Pifithrin-α protects against DNA damage-induced apoptosis downstream of mitochondria independent of p53

Abstract

Pifithrin-α (PFT-α) was shown to specifically block transcriptional activity of the tumor suppressor p53 and was therefore proposed to be useful in preventing the severe side effects often associated with chemo- and radiotherapy. We report here that although PFT-α efficiently protected different cell types from DNA damage-induced apoptosis, it mediated this effect regardless of the presence or absence of p53. Interestingly, PFT-α blocked the apoptosome-mediated processing and activation of caspase-9 and -3 without interfering with the activation of mitochondria.
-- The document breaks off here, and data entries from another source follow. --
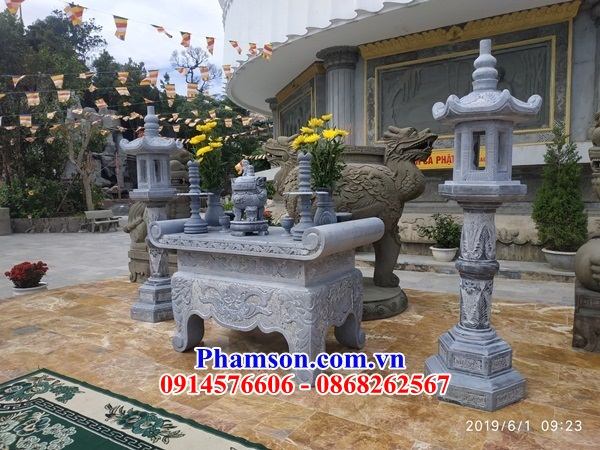 Mẫu bàn lễ đình đền chùa miếu khu lăng mộ bằng đá xanh tự nhiên nguyên khối thiết kế hiện đại đẹp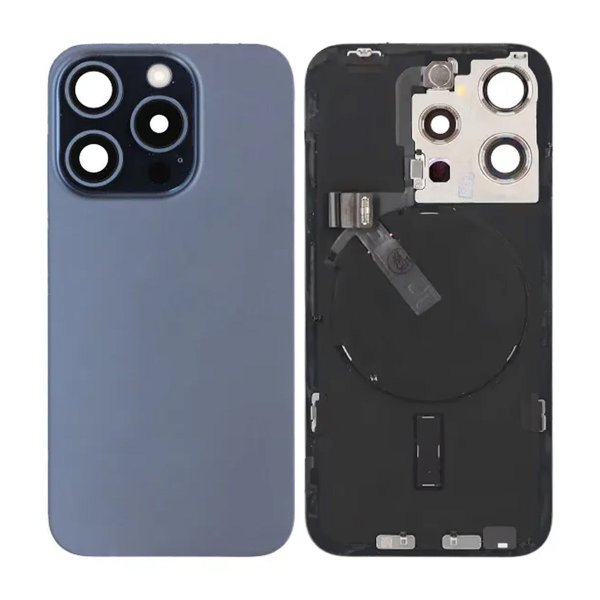 iPhone 15 Pro Bagside Glas Komplet OEM - Blå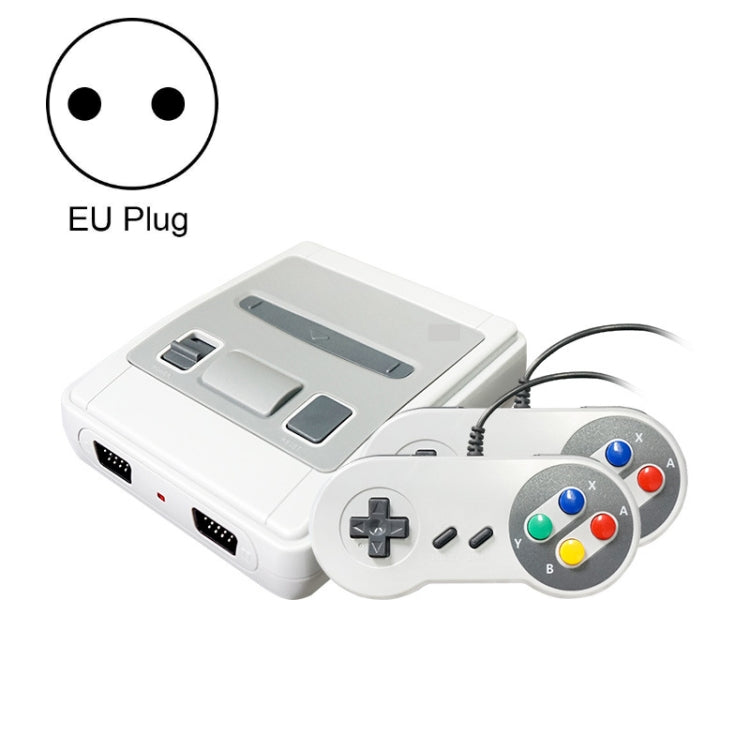 Mini 8-bit TV game console with EU plug and gray controller, white console and gamepad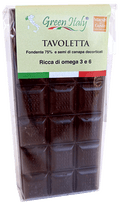 Tavoletta di cioccolato fondente 75% con 20% di semi decorticati canapa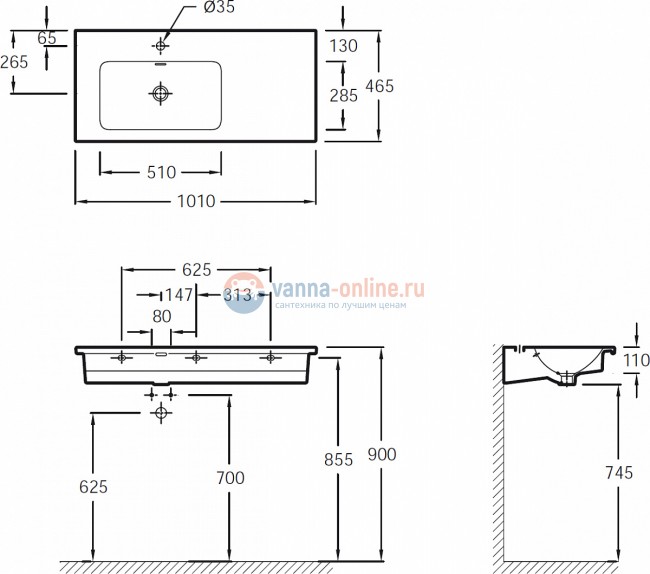 Раковина Jacob Delafon Vox EXAC112-00, крыло справа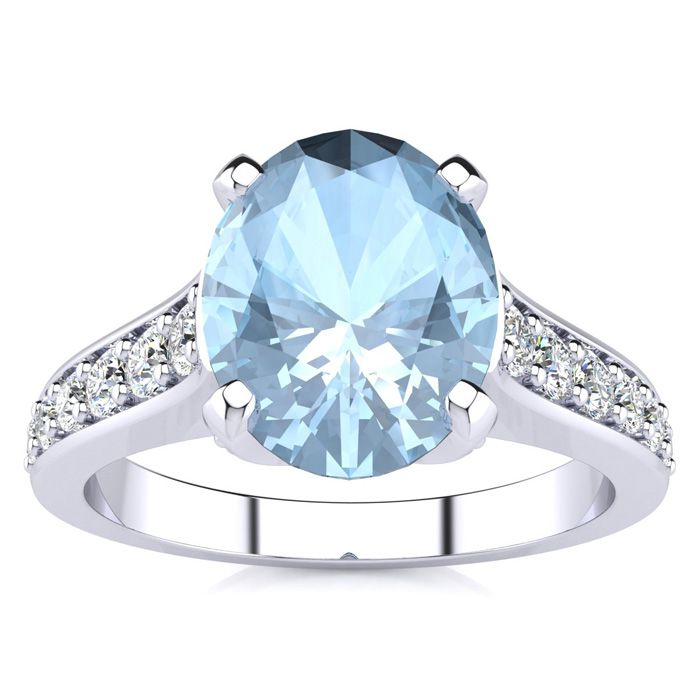 2 Carat Oval Shape Aquamarine & 12 Diamond Ring in 14K White Gold (4.20 g), , Size 4 by SuperJeweler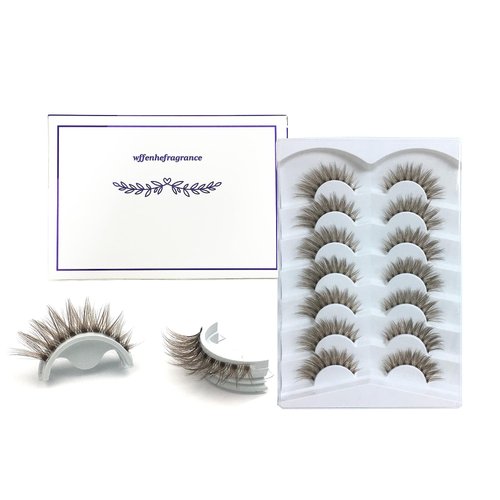 Wffenhefragrance Brown Artificial Mink Eyelashes - Fluffy Wispy Lashes 7 Pairs|Natural Look,Contact Lens Friendly,Easy to Apply & Reusable|Perfect for Daily Wear,Parties & Special Events|7-11-13mm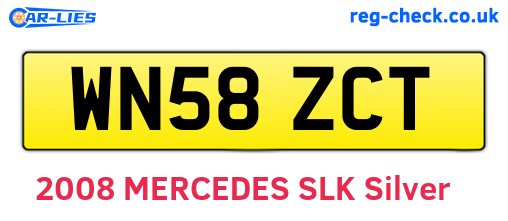 WN58ZCT are the vehicle registration plates.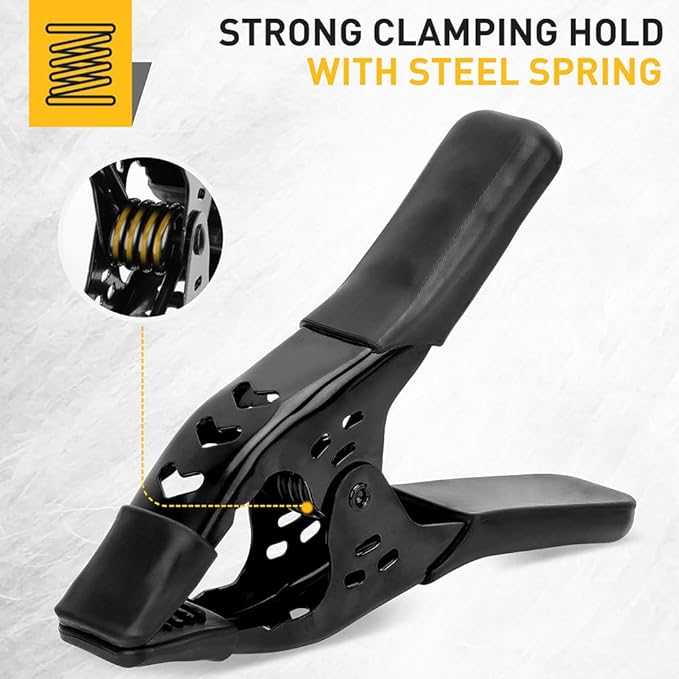Heavy Duty Metal Spring Clamps: 12-Piece for Woodworking Spring Clamps 6-inch Tarp Clips Spring Clips Metal Clamp Large Heavy Duty Clamps for Pool Cover Backdrop Stand Clamps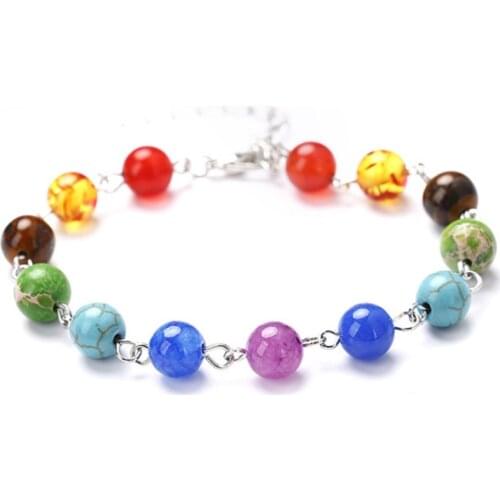 FYJS Unique Jewelry Silver Plated Link Chain Connect 8 mm Colorful Round Beads Stretchy Bracelet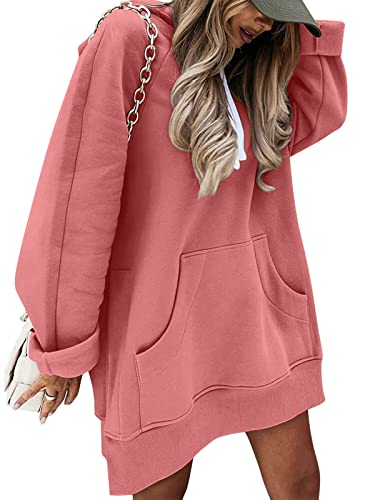 Minetom Hoodie Damen Kleid Kapuzenpullover Lang Hoodie Oversize Pullover Sweatkleid mit Kapuze Langarm Sweatshirtkleid Winter Lange Sweatshirt Kapuzenpulli Mini Kleider mit Taschen Rosa S von Minetom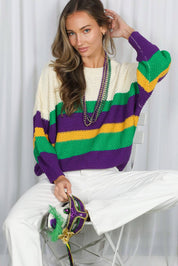 THOTH- Mardi Gras Multi Color Block Waffle Textured Sweater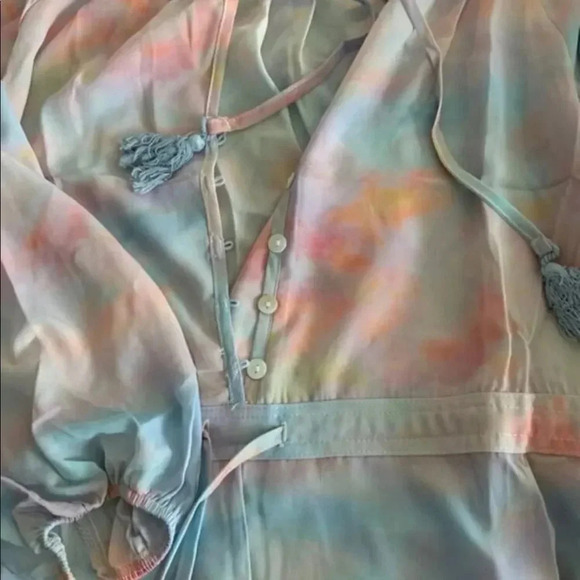 NEW! Boho Tie Dye Button Down Ruched Drawstring Romper With Tassel Accents - Picture 6 of 8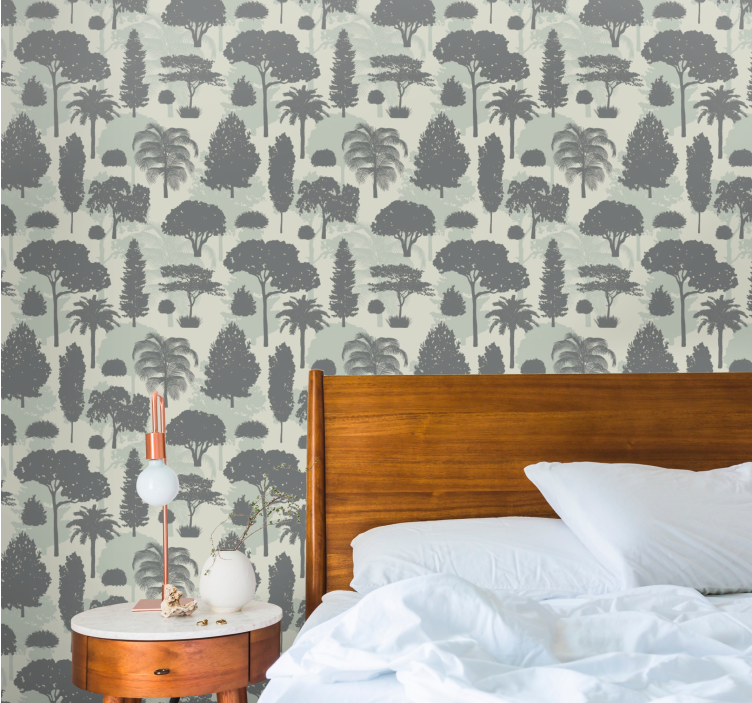 Tapete Natur Baum-Silhouette-Muster - TenStickers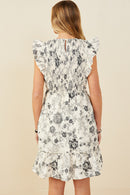 HY9032 Black Womens Antique Floral Smock And Ruffle Dress Side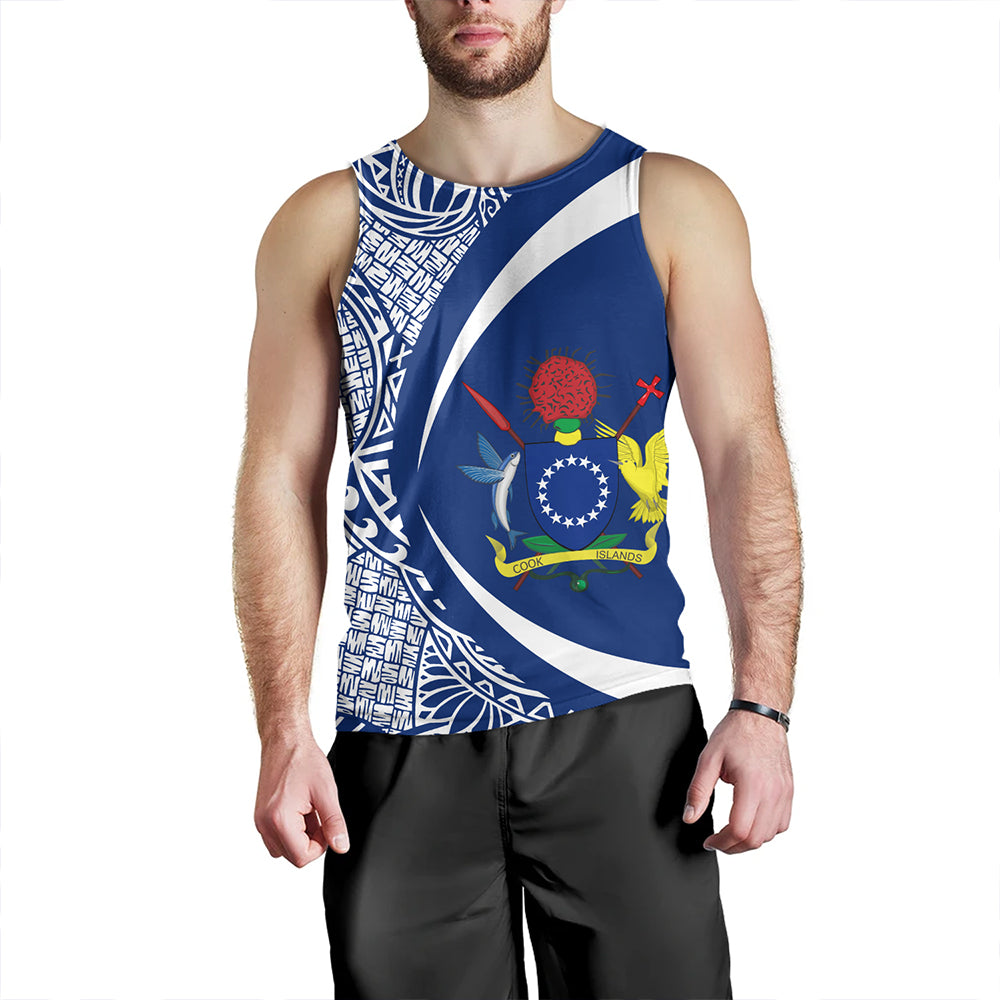 Cook Islands Tank Top Coat Of Arm Lauhala Circle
Neither the DNA damage-induced activation of Bax or Bak nor the loss of the mitochondrial membrane potential or the final release of cytochrome c were inhibited by this compound. Instead, the ability of PFT-α to protect p53-deficient cells from DNA damage-induced caspase activation and apoptosis was greatly diminished after siRNA-mediated downregulation of cyclin-D1 expression. In contrast, downregulation of other proteins involved in cell-cycle progression, such as the retinoblastoma protein, cyclin D3, as well as the cyclin-dependent kinases, 2, 4 and 6, could not abolish this protection. Thus, our data show that PFT-α protects cells from DNA damage-induced apoptosis also by a p53-independent mechanism that takes place downstream of mitochondria and that might involve cyclin D1.